**EXERCISE DESCRIPTION:** Each record here should be printed again exactly; please leave its pictures out.

>>>

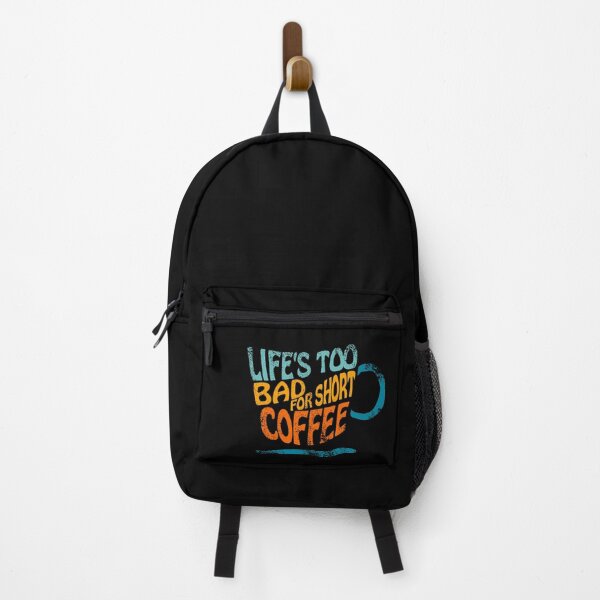 Item preview, The life and coffee equation designed and sold by TofuFingers.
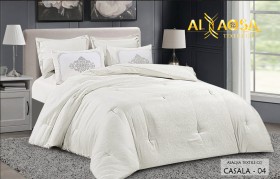 كمفورتر مجوز نفخ صيفي Casala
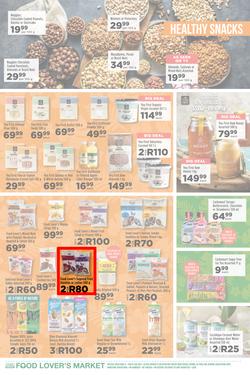 Food Lover's Market KwaZulu-Natal : Summer Carnival Biggest Deals Of The Season (23 January - 29 January 2023), page 11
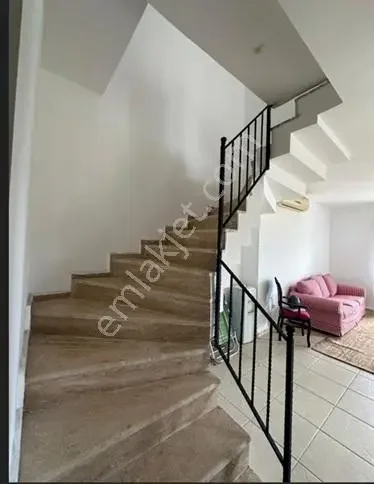 3+1 Möbliert 3+1 Meerblick in Bodrum Gümüslük Koyunbaba, photo 4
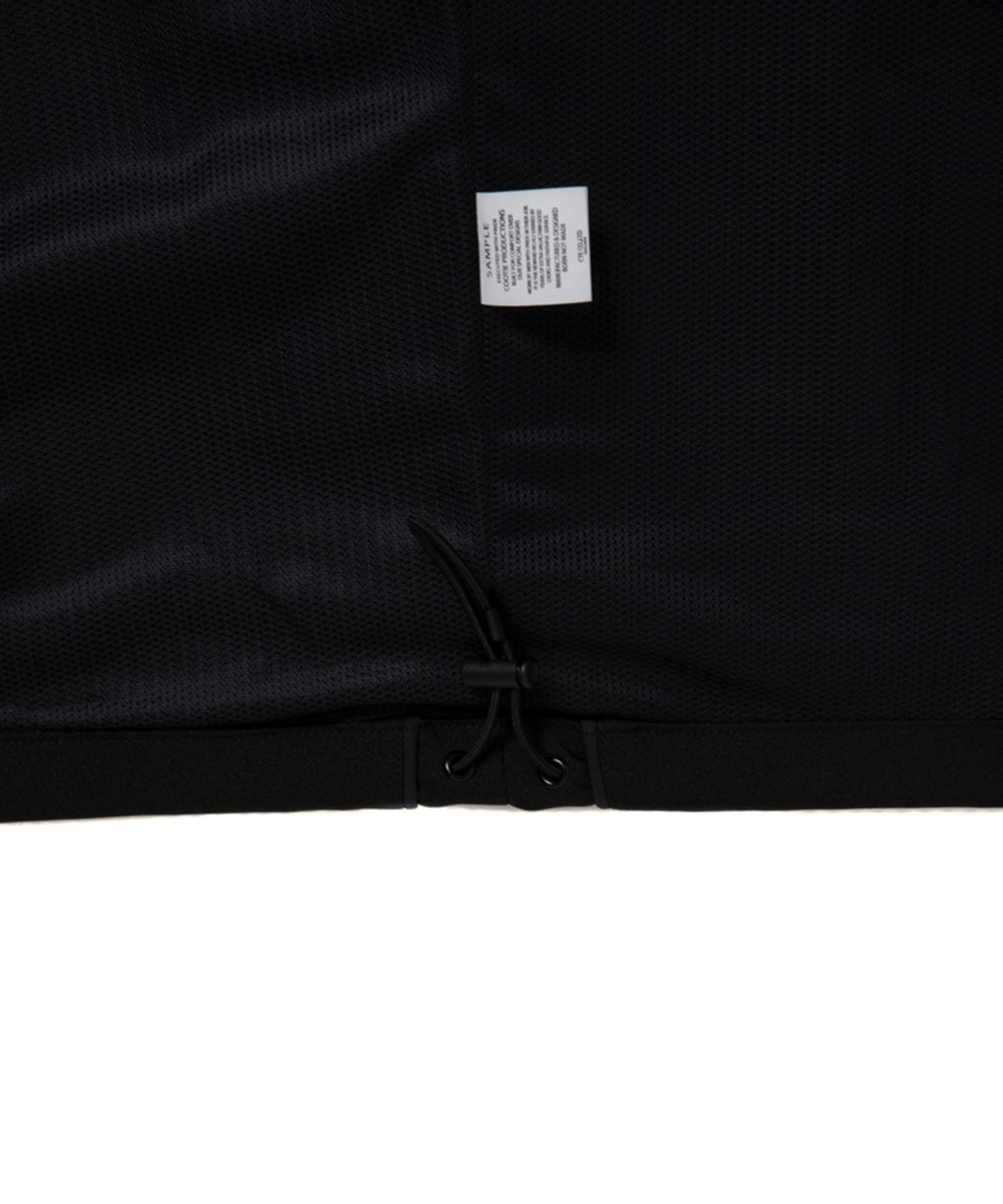 Polyester Twill Training Jacket COOTIE PRODUCTIONS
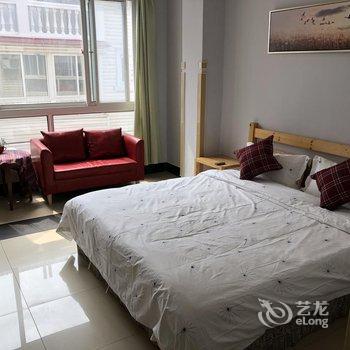 秦皇岛赢岛·海屿花园客栈(原逅(Hold)海青年旅馆)酒店提供图片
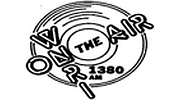 News Talk 1380 AM - WNRI News Talk 1380 AM - WNRI logo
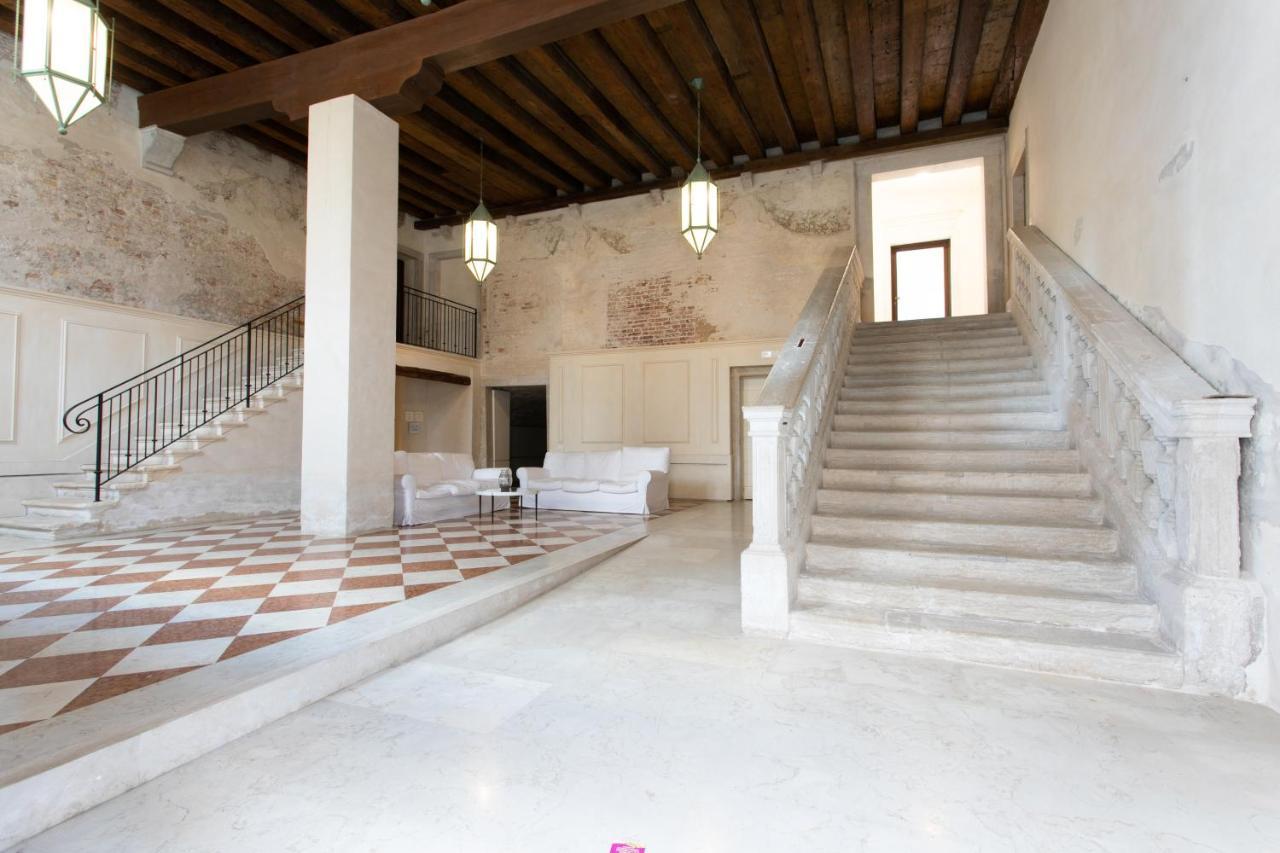 Infinite House Ca' Vendramin Veneza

<<<

**EXERCISE OUTPUT:**
 Item preview, The life and coffee equation designed and sold by TofuFingers.
 كمفورتر مجوز نفخ صيفي Casala
 Food Lover's Market KwaZulu-Natal : Summer Carnival Biggest Deals Of The Season (23 January - 29 January 2023), page 11
 3+1 Möbliert 3+1 Meerblick in Bodrum Gümüslük Koyunbaba, photo 4
 Polyester Twill Training Jacket COOTIE PRODUCTIONS
 秦皇岛赢岛·海屿花园客栈(原逅(Hold)海青年旅馆)酒店提供图片
 News Talk 1380 AM - WNRI News Talk 1380 AM - WNRI logo
 Infinite House Ca' Vendramin Veneza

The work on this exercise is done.